● Task details:
Without pictures, retype the following entries exactly.

*** Material shown Section Begins ***

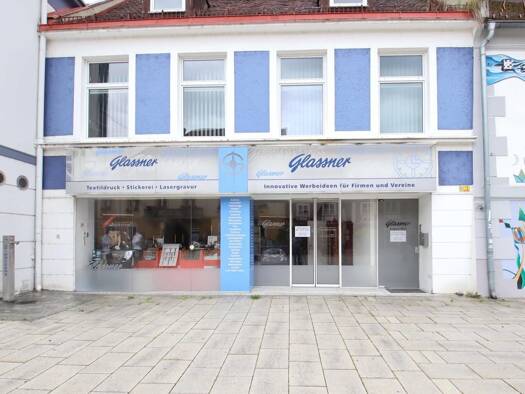 Laden zur Miete 2.119 € 302,7 m² Verkaufsfläche Kapfenberg 8605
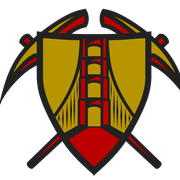 Logo: Gold City Gatekeepers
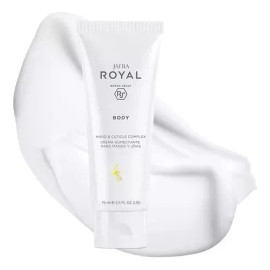 Jafra Crema Humectante Intensiva Para Manos Y Uñas Resecas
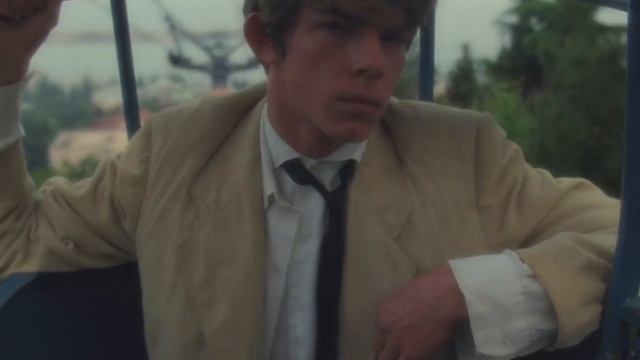 асса (1987) - не найди себе ада смотреть онлайн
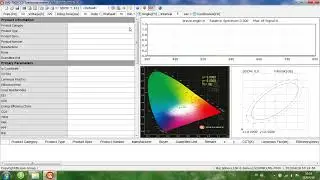 LPCE-3 is a CCD Spectroradiometer Integrating Sphere Compact System for LED Testing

*** Material shown Section Ends ***

● Response:
 Laden zur Miete 2.119 € 302,7 m² Verkaufsfläche Kapfenberg 8605
 Logo: Gold City Gatekeepers
 Jafra Crema Humectante Intensiva Para Manos Y Uñas Resecas
 асса (1987) - не найди себе ада смотреть онлайн
 LPCE-3 is a CCD Spectroradiometer Integrating Sphere Compact System for LED Testing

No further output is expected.